LETTRE AU LECTEUR 4
Voilà le temps de poser la question de l’Académie //
(in Le Monde du mardi 2 février 1999)
Ecrivons tout de suite qu’il ne s’agit pas de mettre en cause des
personnes en tant que telles, mais plutôt une attitude historique dite
académique. Celle qui ponctue la pente d’évolution du concept
d’académie, depuis le nom grec originel jusqu’au sens contemporain.
Aujourd’hui académique signifie, au mieux, classique, et en général un
peu ringard, au pire pompier comme cela se disait pour un certain art
du siècle précédent.
C’est pourquoi, si dans une existence j’avais été académicien, je jure
que je n’aurais eu de cesse d’œuvrer afin que ce sens d’académique
reprenne celui de Platon et s’attache à l’idée de création et non de
conservation. J’en aurais fait une question de dignité.
Car ce dont il est question c’est de cette attitude qui consiste à
regarder passer le train des événements, puis à édicter que non
décidément ce train, donc la réalité, la pratique, les faits même,
disons l’usage, n’est ni correct ni juste ni orthodoxe. Et que de plus,
il constitue d'évidence une détérioration par rapport à ce qui se
faisait antérieurement.
Les déclarations de principe de l’Académie française à propos de la
féminisation des fonctions témoignent de cette attitude académique qui
relève en vérité d’une idéologie conservatrice, voire intégriste, en ce
qu’elle refuse toute évolution au nom du respect intransigeant de la
tradition. Ne devrait-on pas en effet tout autant féminiser les
fonctions nouvellement occupées par les femmes, que masculiniser celles
jusqu’alors réservées aux femmes lorsque des hommes désormais les
exercent?
Cette attitude s’illustre également dans le discours des académiciens
français à propos de la langue. Ainsi le secrétaire perpétuel de cette
institution a-t-il l’habitude d’affirmer qu’on parlait bien le
français au 17eme siècle.
Ce qui paraît signifier que nous ne le parlons plus bien, et qu’au fond
malgré toutes nos connaissances contemporaines et nos avancées
technologiques, nous sommes de pauvres «cloches» devenues incapables de
parler cette langue parfaite du 17ème.
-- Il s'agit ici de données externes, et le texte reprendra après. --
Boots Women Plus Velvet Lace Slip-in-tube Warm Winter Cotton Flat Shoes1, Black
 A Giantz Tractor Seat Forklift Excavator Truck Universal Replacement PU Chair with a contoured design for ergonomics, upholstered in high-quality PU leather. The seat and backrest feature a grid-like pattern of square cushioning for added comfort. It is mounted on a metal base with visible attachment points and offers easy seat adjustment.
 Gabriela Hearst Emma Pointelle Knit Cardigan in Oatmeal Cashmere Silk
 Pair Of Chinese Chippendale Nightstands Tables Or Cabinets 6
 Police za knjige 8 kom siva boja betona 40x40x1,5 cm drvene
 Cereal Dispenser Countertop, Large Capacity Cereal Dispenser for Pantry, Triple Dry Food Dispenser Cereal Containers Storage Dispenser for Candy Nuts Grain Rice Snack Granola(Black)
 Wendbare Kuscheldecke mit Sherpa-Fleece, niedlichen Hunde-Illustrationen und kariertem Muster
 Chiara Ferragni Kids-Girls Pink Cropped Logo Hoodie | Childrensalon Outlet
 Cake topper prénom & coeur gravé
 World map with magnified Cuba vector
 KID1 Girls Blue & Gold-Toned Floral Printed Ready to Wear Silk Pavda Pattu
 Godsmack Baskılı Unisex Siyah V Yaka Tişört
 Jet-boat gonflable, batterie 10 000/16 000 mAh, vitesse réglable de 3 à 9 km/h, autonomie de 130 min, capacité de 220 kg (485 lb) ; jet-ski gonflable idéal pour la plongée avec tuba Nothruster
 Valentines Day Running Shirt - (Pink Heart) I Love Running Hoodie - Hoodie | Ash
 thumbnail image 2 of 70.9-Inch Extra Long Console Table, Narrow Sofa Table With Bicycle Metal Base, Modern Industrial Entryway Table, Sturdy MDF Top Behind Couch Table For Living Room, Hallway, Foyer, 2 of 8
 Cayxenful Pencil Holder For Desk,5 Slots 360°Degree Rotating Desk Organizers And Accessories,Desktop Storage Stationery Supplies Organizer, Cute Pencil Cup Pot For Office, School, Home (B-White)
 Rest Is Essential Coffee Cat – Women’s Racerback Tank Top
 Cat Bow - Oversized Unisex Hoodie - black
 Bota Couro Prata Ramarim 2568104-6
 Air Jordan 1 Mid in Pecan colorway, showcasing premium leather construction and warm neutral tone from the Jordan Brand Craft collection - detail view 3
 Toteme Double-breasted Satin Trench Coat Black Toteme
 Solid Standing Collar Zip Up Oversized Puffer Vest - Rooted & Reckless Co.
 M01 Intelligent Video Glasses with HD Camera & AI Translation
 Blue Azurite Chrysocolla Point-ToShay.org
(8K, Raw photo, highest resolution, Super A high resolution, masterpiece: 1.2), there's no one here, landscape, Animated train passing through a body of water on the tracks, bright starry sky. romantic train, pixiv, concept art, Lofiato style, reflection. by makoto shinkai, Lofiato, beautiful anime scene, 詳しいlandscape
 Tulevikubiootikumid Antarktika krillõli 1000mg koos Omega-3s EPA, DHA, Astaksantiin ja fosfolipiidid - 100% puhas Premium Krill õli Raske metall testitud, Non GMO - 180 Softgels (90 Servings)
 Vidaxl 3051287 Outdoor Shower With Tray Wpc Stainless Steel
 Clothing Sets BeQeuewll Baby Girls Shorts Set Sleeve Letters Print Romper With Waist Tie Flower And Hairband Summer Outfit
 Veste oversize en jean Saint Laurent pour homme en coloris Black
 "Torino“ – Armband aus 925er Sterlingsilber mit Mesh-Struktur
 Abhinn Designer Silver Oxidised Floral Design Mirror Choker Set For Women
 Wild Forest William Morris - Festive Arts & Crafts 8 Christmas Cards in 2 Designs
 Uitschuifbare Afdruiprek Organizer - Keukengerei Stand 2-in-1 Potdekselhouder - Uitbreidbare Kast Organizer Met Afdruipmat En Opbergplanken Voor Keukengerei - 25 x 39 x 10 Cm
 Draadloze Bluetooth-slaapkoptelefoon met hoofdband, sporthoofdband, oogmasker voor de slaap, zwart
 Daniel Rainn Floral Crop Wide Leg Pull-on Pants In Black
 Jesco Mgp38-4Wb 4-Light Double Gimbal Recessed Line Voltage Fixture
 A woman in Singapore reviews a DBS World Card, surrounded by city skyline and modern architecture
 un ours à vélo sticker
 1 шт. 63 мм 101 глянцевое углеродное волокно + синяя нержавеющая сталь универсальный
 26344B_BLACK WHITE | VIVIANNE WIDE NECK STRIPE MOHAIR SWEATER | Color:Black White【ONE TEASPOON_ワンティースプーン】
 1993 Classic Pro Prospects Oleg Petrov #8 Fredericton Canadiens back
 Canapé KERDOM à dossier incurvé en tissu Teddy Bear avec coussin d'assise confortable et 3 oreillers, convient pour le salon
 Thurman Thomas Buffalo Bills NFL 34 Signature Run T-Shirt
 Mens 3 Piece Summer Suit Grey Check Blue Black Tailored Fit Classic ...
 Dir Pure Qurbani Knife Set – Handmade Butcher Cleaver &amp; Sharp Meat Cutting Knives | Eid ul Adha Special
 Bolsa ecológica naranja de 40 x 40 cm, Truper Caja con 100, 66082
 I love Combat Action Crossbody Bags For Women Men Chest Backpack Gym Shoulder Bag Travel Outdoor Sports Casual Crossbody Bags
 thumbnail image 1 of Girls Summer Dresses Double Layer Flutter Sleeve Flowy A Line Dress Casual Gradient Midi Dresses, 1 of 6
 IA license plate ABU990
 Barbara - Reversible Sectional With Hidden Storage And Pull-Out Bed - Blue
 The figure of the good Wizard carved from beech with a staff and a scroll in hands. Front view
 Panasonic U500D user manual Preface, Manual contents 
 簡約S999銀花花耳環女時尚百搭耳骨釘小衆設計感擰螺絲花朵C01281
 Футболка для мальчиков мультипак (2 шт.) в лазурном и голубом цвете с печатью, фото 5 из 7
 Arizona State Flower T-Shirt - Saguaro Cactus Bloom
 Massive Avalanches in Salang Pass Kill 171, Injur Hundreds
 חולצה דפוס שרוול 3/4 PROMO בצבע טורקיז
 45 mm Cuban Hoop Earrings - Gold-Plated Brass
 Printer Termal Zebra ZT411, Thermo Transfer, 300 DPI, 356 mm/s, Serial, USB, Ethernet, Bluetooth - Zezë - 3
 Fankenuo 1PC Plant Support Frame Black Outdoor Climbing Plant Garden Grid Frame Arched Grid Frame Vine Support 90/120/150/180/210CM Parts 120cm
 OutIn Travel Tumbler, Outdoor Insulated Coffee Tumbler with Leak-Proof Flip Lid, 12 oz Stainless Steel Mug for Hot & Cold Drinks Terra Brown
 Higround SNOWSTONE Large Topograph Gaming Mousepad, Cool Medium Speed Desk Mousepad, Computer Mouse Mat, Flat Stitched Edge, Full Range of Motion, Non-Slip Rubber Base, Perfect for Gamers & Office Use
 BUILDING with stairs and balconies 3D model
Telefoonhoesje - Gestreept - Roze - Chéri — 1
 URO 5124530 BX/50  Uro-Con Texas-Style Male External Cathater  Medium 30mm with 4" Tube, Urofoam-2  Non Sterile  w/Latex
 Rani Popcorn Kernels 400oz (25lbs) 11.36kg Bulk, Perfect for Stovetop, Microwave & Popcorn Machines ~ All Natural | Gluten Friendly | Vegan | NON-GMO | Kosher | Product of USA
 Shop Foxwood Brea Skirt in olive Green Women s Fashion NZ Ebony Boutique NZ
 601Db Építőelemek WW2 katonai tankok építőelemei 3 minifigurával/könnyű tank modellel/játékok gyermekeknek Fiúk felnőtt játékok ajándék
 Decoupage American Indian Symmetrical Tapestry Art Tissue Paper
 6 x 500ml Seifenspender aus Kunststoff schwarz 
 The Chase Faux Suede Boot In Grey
On en viendrait à regretter
d’être nés trop tard, on en reste un peu culpabilisés.
Cependant on doit se rappeler que l’Académie a justement été créée au
17ème siècle, avec pour mission de surveiller le langage, donc la
langue française du 17ème siècle… On peut alors se révolter contre
cette affirmation, on peut aussi la prendre au mot.
Si on a bien parlé le français au 17ème siècle, c’est peut-être que
nous ne parlons plus ce français du 17ème, qu’en tout cas nous le
parlons de moins en moins. Et on peut en déduire que quiconque voudrait
écrire ou parler aujourd’hui le français du 17ème n’écrirait ou ne
parlerait pas bien le français de notre époque.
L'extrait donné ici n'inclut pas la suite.